(What to do): Below is a listing; retype exactly the lines between the one containing "2025 BMW 3-Series - photo 5" and the one containing "Used 2023 Toyota", inclusive, minus the pictures.

(Extracted entries):
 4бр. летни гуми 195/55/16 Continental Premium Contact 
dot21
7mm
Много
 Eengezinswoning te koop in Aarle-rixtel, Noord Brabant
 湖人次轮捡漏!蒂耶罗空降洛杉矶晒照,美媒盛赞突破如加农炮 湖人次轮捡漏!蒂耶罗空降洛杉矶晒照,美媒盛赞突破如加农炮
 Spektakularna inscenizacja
---
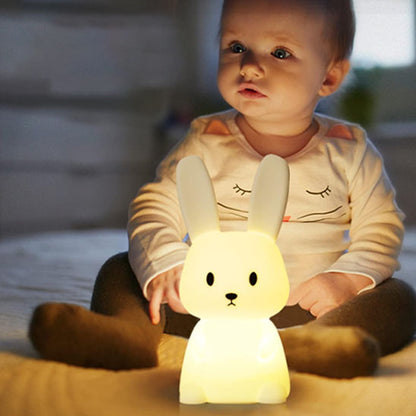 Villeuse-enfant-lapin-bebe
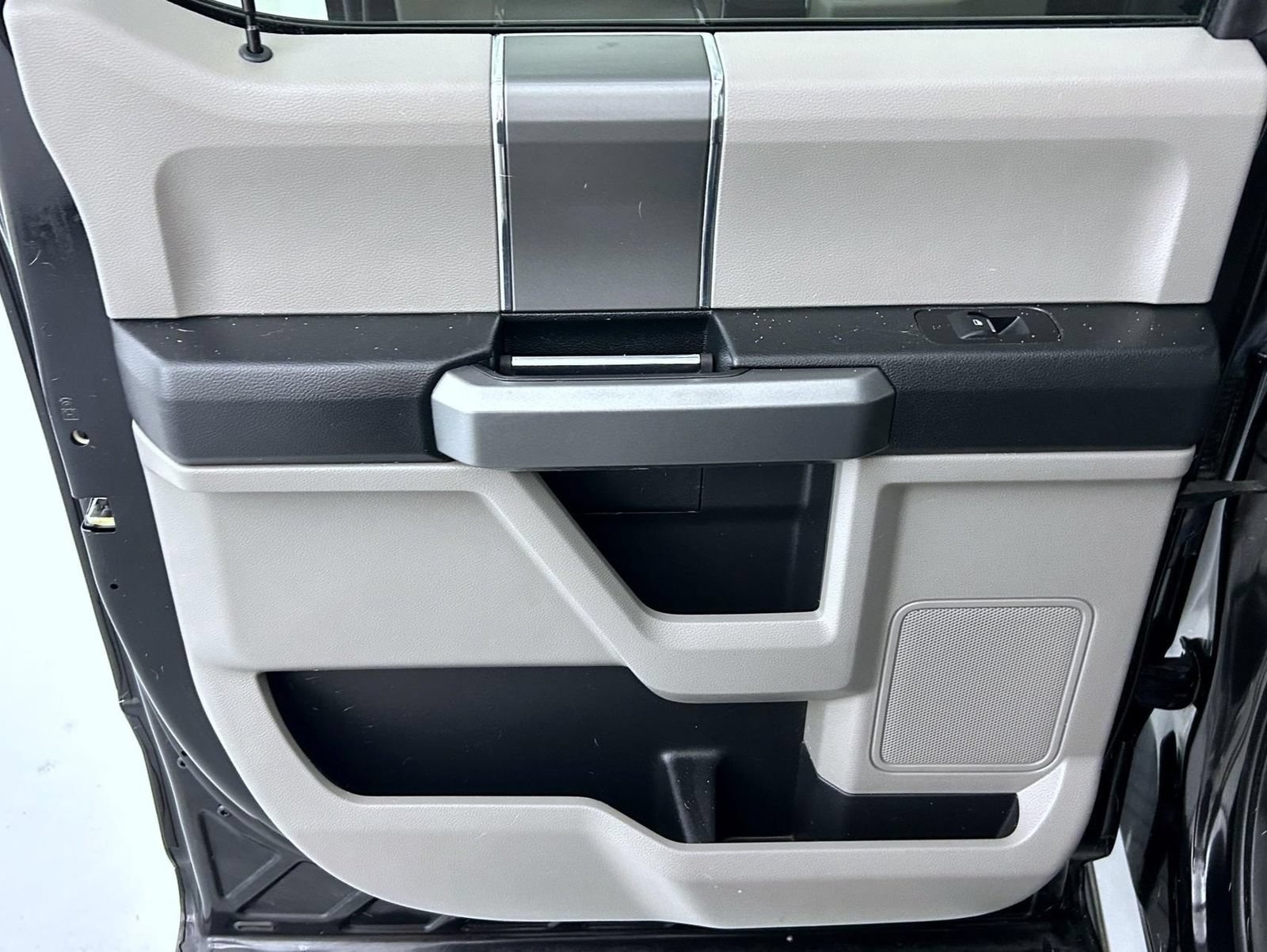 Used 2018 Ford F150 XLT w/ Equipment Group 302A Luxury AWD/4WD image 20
---
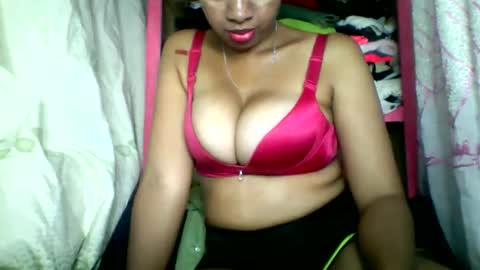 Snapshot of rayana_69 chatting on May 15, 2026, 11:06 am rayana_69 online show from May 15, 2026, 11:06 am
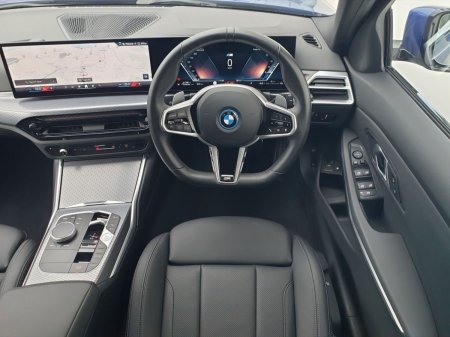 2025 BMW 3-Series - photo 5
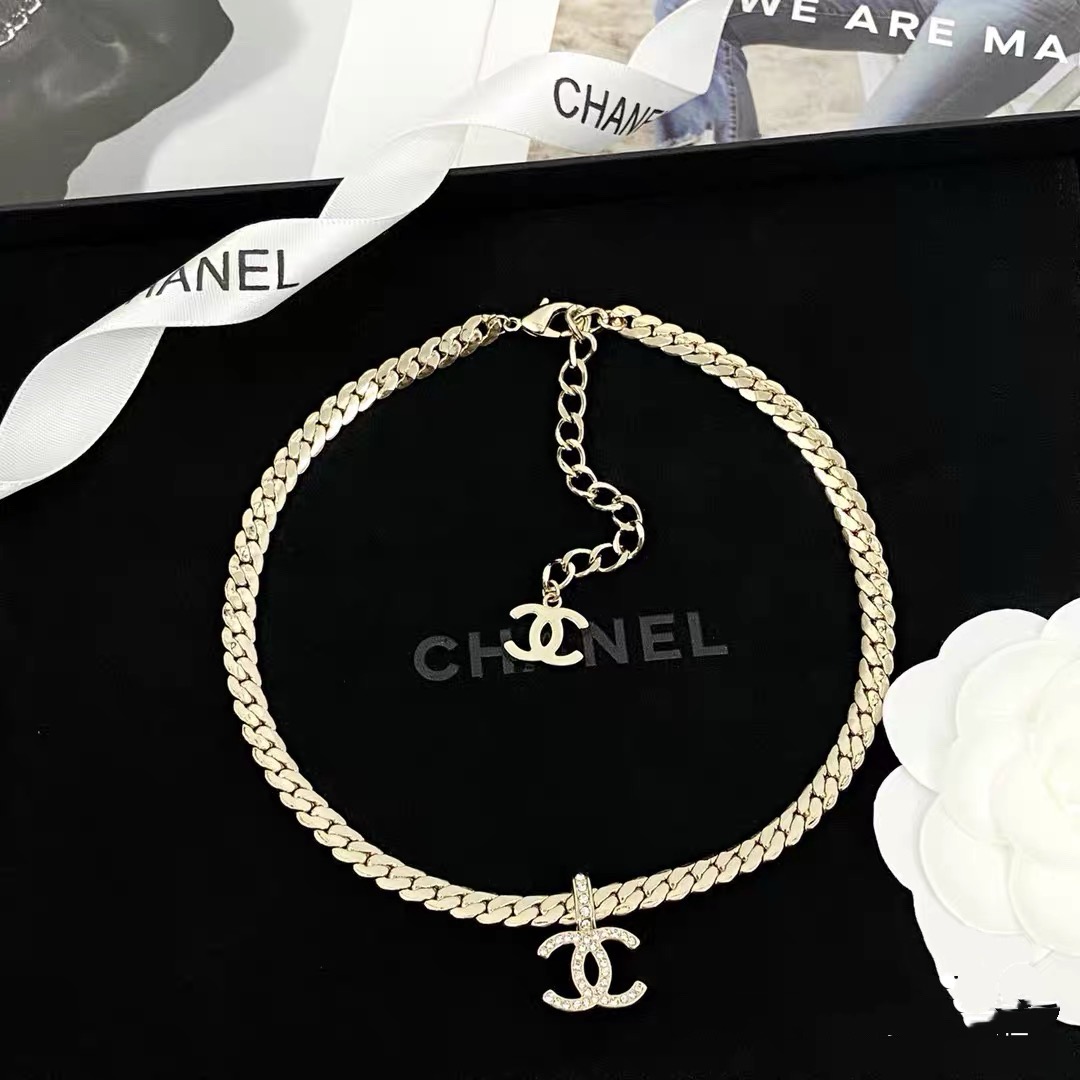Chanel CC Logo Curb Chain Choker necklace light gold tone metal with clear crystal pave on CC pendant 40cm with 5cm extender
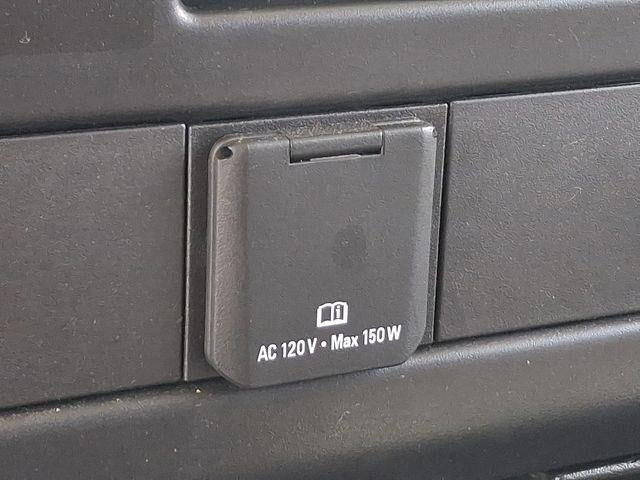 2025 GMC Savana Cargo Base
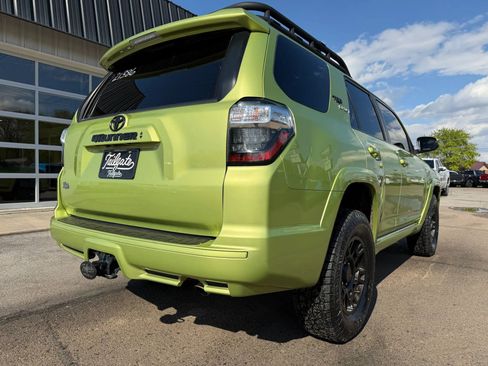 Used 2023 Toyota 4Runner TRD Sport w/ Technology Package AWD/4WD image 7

(Result for this exercise):
 2025 BMW 3-Series - photo 5
Chanel CC Logo Curb Chain Choker necklace light gold tone metal with clear crystal pave on CC pendant 40cm with 5cm extender
 2025 GMC Savana Cargo Base
 Used 2023 Toyota 4Runner TRD Sport w/ Technology Package AWD/4WD image 7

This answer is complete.